Norwegens Frauen an der Macht

Gesetz über Frauenquote in Unternehmensführungen hat sich bewährt

  • André Anwar, Stockholm
  • Lesedauer: 3 Min.
In Norwegen müssen 40 Prozent der Aufsichtsräte weiblich sein. Befürchtungen, dass die Stellen nun mit schlechter Qualifizierten besetzt werden, gelten nach über zwei Jahren Frauenquote als unberechtigt.

Eine »Quotenfrau« zu sein – von diesem Komplex scheinen sich Frauen in Norwegens Aufsichtsräten seit der Einführung einer Quote Anfang 2008 weiter zu emanzipieren. »Qualifizierte Quotenfrau«, sei schließlich redlicher, als jahrelang mit den Chefs Fußball zu spielen und in der Sauna Karrierepläne zu schmieden, unken die Norwegerinnen inzwischen selbstbewusst.

Ausgerechnet der damalige bürgerliche Wirtschaftsminister Ansgar Gabrielsen drohte Unternehmen bereits 2002: »Wenn nicht mehr Frauen in die Aufsichtsräte kommen, werden wir sie gesetzlich dazu zwingen«. Gesagt, getan. Ab 2006 lebten die Unternehmen mit der Gewissheit um das kommende, damals weltweit einmalige Gesetz. Ihm zufolge müssen börsennotierte Unternehmen die Aufsichtsräte zu möglichst gleichen Teilen aus Männern und Frauen zusammensetzen. In einem Gremium mit vier bis fünf Mitgliedern müssen von beiden Geschlechtern zwei Vertreter dabei sein, bei sechs bis acht Posten mindestens drei Männer und drei Frauen. Ab zehn Mitgliedern gilt eine Quote von 40 Prozent je Geschlecht. Die Regelung betraf über 520 private Aktiengesellschaften (AG) und den staatlichen Sektor. AGs, die die Quote nicht erfüllten, sollten maximal zwei Mahnungen bekommen, danach würden sie »zwangsaufgelöst«.

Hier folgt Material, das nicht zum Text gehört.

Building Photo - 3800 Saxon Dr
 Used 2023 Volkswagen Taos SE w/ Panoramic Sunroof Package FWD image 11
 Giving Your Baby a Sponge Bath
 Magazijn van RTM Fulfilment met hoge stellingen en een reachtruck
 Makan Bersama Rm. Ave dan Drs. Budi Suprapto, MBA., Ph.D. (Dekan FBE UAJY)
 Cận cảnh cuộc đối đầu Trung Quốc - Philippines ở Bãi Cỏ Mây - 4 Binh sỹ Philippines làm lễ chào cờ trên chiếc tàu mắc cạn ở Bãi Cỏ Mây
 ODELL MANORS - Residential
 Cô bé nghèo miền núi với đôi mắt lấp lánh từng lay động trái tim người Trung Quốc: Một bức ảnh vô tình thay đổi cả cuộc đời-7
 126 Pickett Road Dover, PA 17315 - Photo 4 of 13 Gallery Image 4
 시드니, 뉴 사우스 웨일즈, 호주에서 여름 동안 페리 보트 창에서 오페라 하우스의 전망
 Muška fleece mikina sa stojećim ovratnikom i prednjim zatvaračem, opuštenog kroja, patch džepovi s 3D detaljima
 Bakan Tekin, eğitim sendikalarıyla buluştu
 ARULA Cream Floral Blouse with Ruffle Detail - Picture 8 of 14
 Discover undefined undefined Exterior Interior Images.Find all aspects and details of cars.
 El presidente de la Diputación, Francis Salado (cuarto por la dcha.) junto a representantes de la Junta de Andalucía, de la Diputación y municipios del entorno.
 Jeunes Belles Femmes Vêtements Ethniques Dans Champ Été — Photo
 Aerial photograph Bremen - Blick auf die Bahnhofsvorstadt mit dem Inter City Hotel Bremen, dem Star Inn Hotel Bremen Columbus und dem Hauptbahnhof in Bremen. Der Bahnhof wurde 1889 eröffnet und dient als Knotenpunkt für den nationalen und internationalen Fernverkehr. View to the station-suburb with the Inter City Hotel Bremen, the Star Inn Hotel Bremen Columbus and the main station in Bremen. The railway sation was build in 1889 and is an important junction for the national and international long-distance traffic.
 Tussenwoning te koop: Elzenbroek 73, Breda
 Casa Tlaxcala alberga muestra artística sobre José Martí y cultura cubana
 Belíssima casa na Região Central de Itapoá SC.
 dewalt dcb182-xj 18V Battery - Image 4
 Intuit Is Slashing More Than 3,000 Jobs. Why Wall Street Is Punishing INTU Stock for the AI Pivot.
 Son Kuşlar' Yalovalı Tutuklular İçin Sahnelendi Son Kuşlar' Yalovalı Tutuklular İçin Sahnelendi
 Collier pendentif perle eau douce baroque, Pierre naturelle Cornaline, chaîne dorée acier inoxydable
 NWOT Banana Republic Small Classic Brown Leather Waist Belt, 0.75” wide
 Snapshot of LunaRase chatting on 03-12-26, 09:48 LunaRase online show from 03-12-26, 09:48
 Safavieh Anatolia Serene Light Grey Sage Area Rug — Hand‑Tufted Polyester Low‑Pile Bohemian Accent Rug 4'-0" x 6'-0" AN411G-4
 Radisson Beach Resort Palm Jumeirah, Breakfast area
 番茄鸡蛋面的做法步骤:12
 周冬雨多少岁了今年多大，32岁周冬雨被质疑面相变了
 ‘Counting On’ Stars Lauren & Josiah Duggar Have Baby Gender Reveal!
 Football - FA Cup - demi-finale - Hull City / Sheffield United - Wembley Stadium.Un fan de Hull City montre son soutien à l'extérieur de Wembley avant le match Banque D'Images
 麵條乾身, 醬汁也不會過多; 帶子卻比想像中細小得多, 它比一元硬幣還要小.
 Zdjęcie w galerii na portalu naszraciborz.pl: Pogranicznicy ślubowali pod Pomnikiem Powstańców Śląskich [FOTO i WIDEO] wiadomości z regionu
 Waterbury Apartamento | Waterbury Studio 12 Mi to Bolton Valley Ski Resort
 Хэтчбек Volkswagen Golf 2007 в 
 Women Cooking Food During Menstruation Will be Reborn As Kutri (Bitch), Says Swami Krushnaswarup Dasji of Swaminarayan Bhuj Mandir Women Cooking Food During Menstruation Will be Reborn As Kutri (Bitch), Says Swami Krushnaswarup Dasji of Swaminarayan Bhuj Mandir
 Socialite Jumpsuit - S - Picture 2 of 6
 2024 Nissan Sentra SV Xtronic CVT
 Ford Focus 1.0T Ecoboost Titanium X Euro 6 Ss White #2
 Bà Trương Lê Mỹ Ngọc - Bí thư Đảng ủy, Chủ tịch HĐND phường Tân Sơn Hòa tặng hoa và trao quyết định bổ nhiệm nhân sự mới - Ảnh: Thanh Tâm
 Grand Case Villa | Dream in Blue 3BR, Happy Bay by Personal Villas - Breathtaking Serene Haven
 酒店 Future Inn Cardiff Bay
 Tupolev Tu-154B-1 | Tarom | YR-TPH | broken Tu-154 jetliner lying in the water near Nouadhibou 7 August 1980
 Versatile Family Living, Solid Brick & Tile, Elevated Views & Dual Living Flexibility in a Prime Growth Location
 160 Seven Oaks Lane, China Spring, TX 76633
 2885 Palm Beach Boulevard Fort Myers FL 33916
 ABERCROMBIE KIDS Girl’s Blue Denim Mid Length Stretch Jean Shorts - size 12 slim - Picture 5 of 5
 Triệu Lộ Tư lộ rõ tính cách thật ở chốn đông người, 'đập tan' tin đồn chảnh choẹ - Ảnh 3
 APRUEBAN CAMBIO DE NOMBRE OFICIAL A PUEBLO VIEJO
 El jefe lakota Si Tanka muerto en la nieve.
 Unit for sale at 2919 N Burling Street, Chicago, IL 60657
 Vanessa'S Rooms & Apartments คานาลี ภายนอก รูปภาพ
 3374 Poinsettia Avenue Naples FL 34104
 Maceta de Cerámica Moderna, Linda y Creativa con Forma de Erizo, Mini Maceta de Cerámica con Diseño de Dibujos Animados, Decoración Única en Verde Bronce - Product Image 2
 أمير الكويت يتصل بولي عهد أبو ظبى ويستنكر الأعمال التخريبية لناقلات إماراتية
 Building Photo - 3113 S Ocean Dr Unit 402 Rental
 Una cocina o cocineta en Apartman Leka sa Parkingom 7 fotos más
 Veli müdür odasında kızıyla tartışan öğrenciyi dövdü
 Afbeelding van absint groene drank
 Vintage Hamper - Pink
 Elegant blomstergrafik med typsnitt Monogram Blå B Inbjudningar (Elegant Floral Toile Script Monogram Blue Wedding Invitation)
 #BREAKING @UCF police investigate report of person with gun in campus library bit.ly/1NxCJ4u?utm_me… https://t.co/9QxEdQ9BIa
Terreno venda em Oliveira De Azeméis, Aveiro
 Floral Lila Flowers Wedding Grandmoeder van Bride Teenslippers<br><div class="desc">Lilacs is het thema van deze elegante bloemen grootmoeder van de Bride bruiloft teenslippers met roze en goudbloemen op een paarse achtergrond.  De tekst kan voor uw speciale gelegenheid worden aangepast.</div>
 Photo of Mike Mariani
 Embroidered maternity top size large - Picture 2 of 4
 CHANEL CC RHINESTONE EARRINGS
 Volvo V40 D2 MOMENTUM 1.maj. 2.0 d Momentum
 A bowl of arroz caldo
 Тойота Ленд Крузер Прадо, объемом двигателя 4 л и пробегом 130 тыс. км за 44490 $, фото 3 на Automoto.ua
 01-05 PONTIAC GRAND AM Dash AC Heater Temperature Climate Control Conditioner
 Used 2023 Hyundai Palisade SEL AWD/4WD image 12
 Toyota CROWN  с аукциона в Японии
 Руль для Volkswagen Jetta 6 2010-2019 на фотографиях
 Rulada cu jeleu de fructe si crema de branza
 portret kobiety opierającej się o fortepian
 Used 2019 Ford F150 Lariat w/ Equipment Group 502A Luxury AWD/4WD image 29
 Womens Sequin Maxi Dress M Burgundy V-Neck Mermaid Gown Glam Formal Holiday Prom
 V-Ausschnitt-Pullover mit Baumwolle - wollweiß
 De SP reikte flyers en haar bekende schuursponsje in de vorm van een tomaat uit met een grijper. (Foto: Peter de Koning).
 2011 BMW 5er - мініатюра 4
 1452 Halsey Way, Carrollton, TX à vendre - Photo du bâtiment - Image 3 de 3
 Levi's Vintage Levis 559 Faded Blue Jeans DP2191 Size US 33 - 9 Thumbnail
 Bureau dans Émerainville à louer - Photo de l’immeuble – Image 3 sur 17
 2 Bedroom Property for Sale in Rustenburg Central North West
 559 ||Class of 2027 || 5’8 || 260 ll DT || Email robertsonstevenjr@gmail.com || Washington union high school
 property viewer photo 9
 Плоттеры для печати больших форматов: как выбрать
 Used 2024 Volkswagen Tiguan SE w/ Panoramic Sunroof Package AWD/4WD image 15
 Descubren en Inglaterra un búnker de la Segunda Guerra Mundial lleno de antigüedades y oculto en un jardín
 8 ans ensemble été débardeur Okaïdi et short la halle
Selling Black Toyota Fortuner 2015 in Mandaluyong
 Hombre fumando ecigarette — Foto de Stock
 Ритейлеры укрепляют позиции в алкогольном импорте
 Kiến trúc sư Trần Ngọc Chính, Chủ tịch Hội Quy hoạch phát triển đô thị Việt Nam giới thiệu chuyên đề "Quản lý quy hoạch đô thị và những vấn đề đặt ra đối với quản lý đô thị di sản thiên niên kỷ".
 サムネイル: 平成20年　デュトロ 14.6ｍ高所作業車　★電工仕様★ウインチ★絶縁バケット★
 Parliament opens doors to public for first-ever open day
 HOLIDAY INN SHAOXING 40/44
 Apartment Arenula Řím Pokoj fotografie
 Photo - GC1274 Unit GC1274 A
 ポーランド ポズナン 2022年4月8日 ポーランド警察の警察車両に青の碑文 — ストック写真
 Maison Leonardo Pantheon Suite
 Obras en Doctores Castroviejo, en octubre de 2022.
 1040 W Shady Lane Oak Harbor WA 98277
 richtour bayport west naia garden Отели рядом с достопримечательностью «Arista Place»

Im norwegischen Wohlfahrtsstaat, in dem Erdölreichtum und Förderunternehmen staatlich sind, ist man eine starke staatliche Hand gewöhnt. Vor allem die volkswirtschaftlich bedeutenden staatlichen Unternehmen gingen denn auch als folgsame Musterschüler voran.

Das Ergebnis: Zu Zwangsauflösungen kam es nicht. Aber der Frauenanteil in den Aufsichtsräten hat sich mehr als verdoppelt – auf 44 Prozent (Schweiz: 7, Deutschland und Frankreich: 8, Großbritannien 11). Und die Welle breitet sich aus: Selbst in kleineren Gesellschaften, für die die Regelung nicht bindend ist, stieg der Anteil auf über 30 Prozent. Vor Einführung des Gesetzes hatten nur 17,5 Prozent der Firmen solche Quoten.

Nur die Vorsitzenden der Aufsichtsräte bleiben bis heute zu 94 Prozent Männer. Zum einen soll das daran liegen, dass das Gesetz noch nicht lange genug besteht. Zudem hätten Frauen nach wie vor den Konkurrenznachteil, in der Mutterschaft aussteigen zu müssen. Die Diskussion dreht sich aber nicht mehr darum, ob eine gesetzliche Quote rechtens ist.

Selbst die norwegische Arbeitgeberorganisation NHO warb von Anfang an für die Vorteile einer möglichst schnellen Umsetzung. »Ein Mangel an qualifizierten Frauen gab es nicht«, sagt NHO Sprecherin Sigrun Vågeng. Norwegerinnen gelten zudem im Durchschnitt als besser ausgebildet als Männer. Dazu ermöglichte die Regelung Unternehmenschefs die Erneuerung und oft auch Verjüngung der Führungsspitze ohne interne Machtkämpfe.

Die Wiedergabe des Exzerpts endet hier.